Unpacking FlashAttention-3: How Asynchrony and FP8 Supercharge Transformers

The Transformer architecture is the powerhouse behind today’s AI revolution, but it has one stubborn bottleneck: the attention mechanism. As we push for larger models that can process entire books, massive codebases, or hours of video, the quadratic complexity of attention becomes a major computational obstacle. Simply put, the longer the input, the more the attention mechanism struggles—and cost skyrockets.

This scaling issue has sparked intense innovation in making attention faster and more efficient. A few years back, FlashAttention appeared as a breakthrough: by cleverly managing memory I/O on GPUs, it delivered exact attention at high speed without resorting to approximations. Its successor, FlashAttention-2, improved parallelism and load balancing—but even then, on cutting-edge NVIDIA H100 GPUs, it achieved only ~35% of the hardware’s theoretical maximum throughput.

Enter FlashAttention-3. Developed by researchers at Colfax Research, Meta, NVIDIA, Princeton, and Together AI, this new iteration rethinks the algorithm from the ground up to harness Hopper GPU architecture. The result? A 1.5–2× speedup over its predecessor, near-peak GPU utilization, and accurate computation using fast low-precision FP8.

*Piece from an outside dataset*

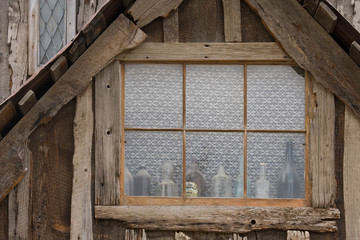 USA, Idaho, Idaho City. Old building with dusty bottles in window. 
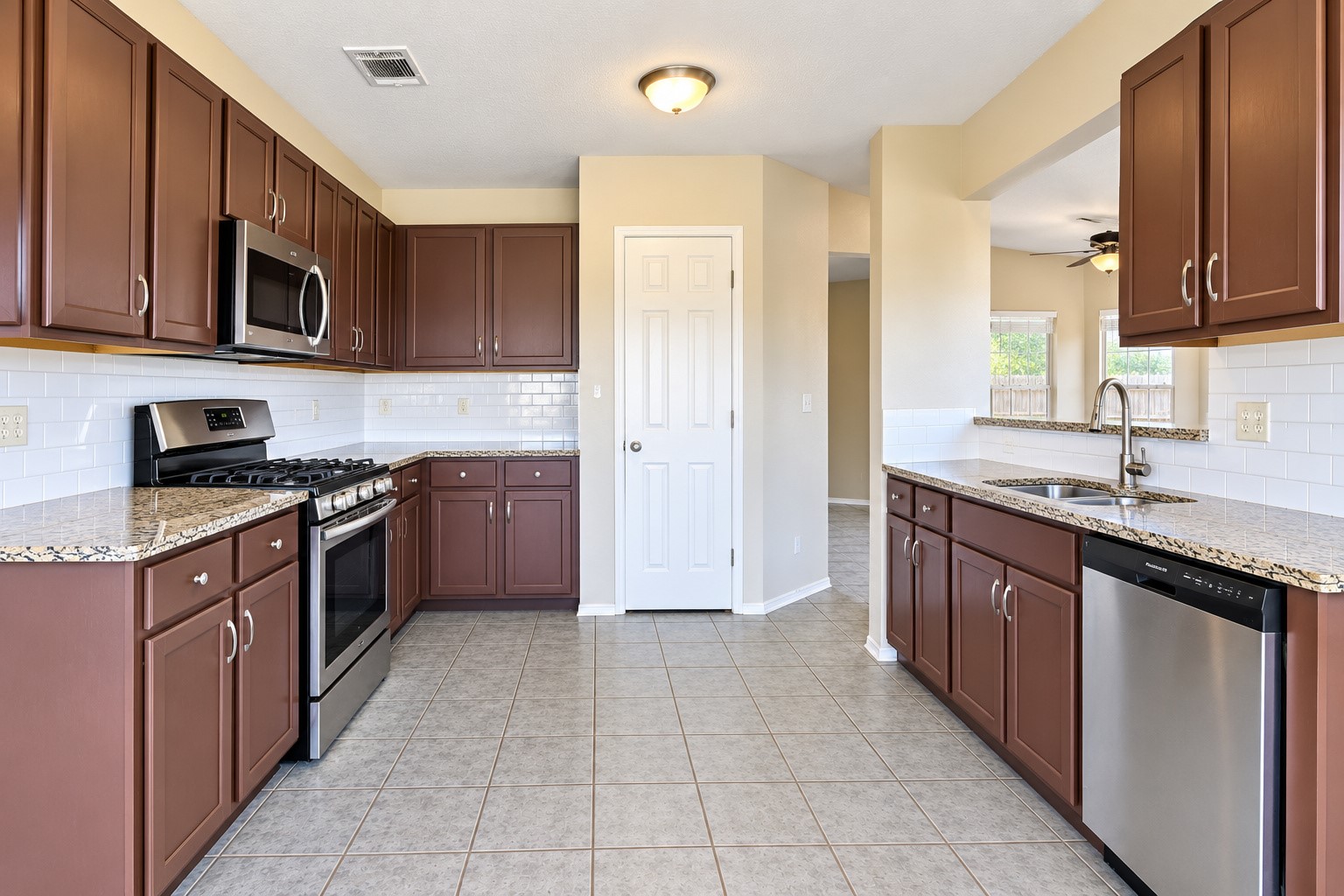 Spacious kitchen with granite counter tops and plenty of cabinets.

In this article, we’ll walk through the three game-changing ideas behind FlashAttention-3:

Producer–Consumer Asynchrony: Warp-specialized software pipelining that overlaps data movement with computation.
Overlapping GEMMs and Softmax: Hiding the latency of slow operations like exp() under high-throughput matrix multiplies.
Hardware-Accelerated Low-Precision: Making FP8 both fast and accurate through smart quantization and data layout tricks.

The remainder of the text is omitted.